In approximately 1817, Frederick Douglass is born into slavery in Tuckahoe, Maryland. His mother is a slave named Harriet Bailey, and his father is an unknown white man who may be his master. Douglass encounters slavery’s brutality at an early age when he witnesses his first master, Captain Anthony, give a brutal whipping to Douglass’s Aunt Hester. Captain Anthony is employed by Colonel Edward Lloyd, and Anthony lives in a house on Lloyd’s sprawling property with his sons, Andrew and Richard; his daughter, Lucretia; and Lucretia’s husband, Captain Thomas Auld. Lloyd himself lives in the middle of his plantation on a property called the Great House Farm, which is so majestic that some slaves feel honored to work there.

Lloyd is an unkind master, and, like other slaveholders, he will discipline the slaves if they speak honestly about the discomfort of their circumstances. One of Lloyd’s overseers, Mr. Austin Gore, is a particularly cruel disciplinarian. His killing of a slave named Demby, which goes unpunished, illustrates that killing or harming a black person is not treated as a crime.

To Douglass’s delight, he is moved to Baltimore at age seven or eight to work for Mr. Hugh Auld, brother of Captain Thomas Auld. Hugh’s wife, Sophia Auld, is at first a kind and loving mistress who begins teaching Douglass to read. However, Hugh emphatically puts a stop to Douglass’s education. Hugh’s intervention only makes Douglass more determined to learn how to read, viewing education as a path to freedom. Sophia is warped by the power that owning slaves gives her. She becomes mean-spirited and works to thwart Douglass’s attempts to become literate. Douglass lives with the Aulds for seven years, and in this time he teaches himself to read. Douglass reads books that present arguments against slavery, and he begins to lose hope as he realizes the extent of his powerlessness. He resolves to attempt an escape.

Captain Anthony dies, and Douglass is sent back to Lloyd’s plantation to be humiliatingly evaluated alongside Anthony’s livestock. Douglass is inherited by Lucretia Auld and sent back to Baltimore, and Douglass is sent to live with Thomas and his new wife in the town of St. Michael’s, Maryland in 1832. Thomas is a cruel master and a religious hypocrite. He and Douglass do not get along, and Douglass is sent to work for Edward Covey, a farmer who has a reputation for breaking the spirits of difficult slaves.

Douglass spends six hellish months working for the malevolent Mr. Covey. Douglass’s spirits are broken by the work, and he goes to Thomas Auld to protest his treatment, but is sent back to Covey’s farm. Another slave, Sandy Jenkins, gives Douglass a mystical root to protect himself. Douglass stands up to Covey and stops receiving whippings. After a year with Covey, Douglass is sent to live with William Freeland. Douglass and four other slaves attempt to escape from Freeland’s, but their plan is betrayed and Douglass ends up in jail. After some time in prison, Douglass is sent back to Baltimore to work again for Hugh Auld.

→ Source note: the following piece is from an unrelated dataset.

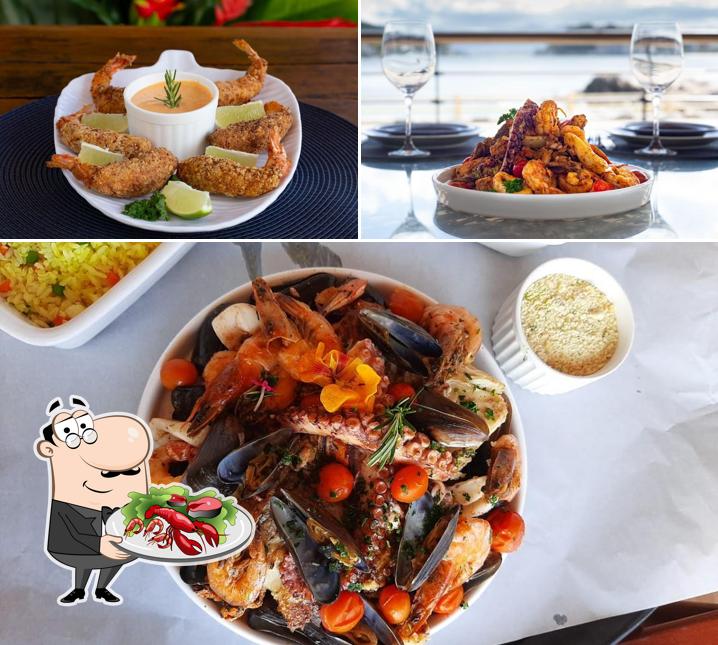 Peça frutos do mar no Mangúte Restaurante & Chopperia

In Baltimore, Douglass works for a shipbuilder, and is assaulted on his jobsite. Hugh apprentices him to another shipbuilder, and Douglass learns how to caulk. Douglass’s caulking skills allow him to earn good money for Hugh. Hugh temporarily allows Douglass to work for his own pay, but later revokes this permission. Douglass then decides to plan an escape.

Douglass escapes successfully. To protect those who helped him and enable future slaves’ escapes from slavery, Douglass does not describe his escape in detail. Once free, Douglass ends up in New York, and is helped by Mr. David Ruggles. In New York, Douglass weds a free woman named Anna. The newlyweds then make their way to New Bedford, where Douglass is aided by a man named Nathan Johnson. Douglass is amazed by the prosperity the north has achieved without slaves. After some time in New Bedford, Douglass begins reading The Liberator, an abolitionist newspaper. This inspires Douglass to speak at an anti-slavery convention in 1841, which launches his career as an anti-slavery advocate.